Typically, you enter the bus at the back and exit from the front. The price is displayed near the money collector, who sits at a turnstile just inside the entrance and provides change for the fare (usually about US$0.50). You'll have difficulty getting a bulky backpack through the narrow turnstile, but try to avoid lingering in the back - where pickpockets and thieves are more likely to be. Avoid riding the bus after llpm and at peak (read packed) times: noon-2pm and 4-6pm in most areas.
TAXI
City taxis are reasonably priced, and are quite useful for avoiding potentially dangerous walks and late-night bus rides, or if your baggage is too bulky for public transport. Most meters start around US$1 and rise by US$1 or so per kilometer (prices increase at night and on Sunday). Make sure the driver turns on the meter when you get in.
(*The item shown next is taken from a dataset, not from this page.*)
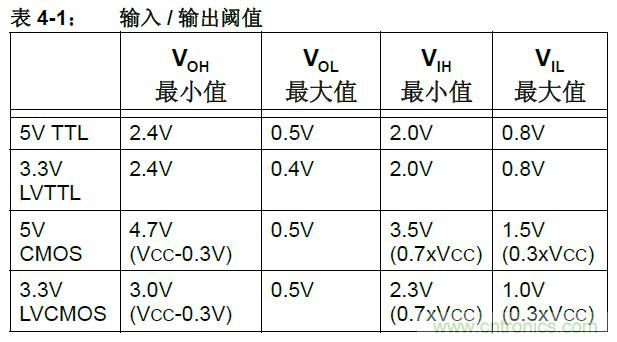 收藏！5V轉3.3V電平的19種方法技巧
Sometimes the fare is fixed - typically on trips between the airport and the city center.
If possible, orient yourself before taking a taxi, and keep a map handy in case you find yourself being taken on a wild detour.
The worst place to get a cab is where the tourists are. Don't get one near one of the expensive hotels.
TRAIN
Passenger train service has been scaled down to almost nothing in recent years. One of the few remaining lines runs from Curitiba to Paranagua, descending the coastal mountain range. With unforgettable views, it's worth the trip.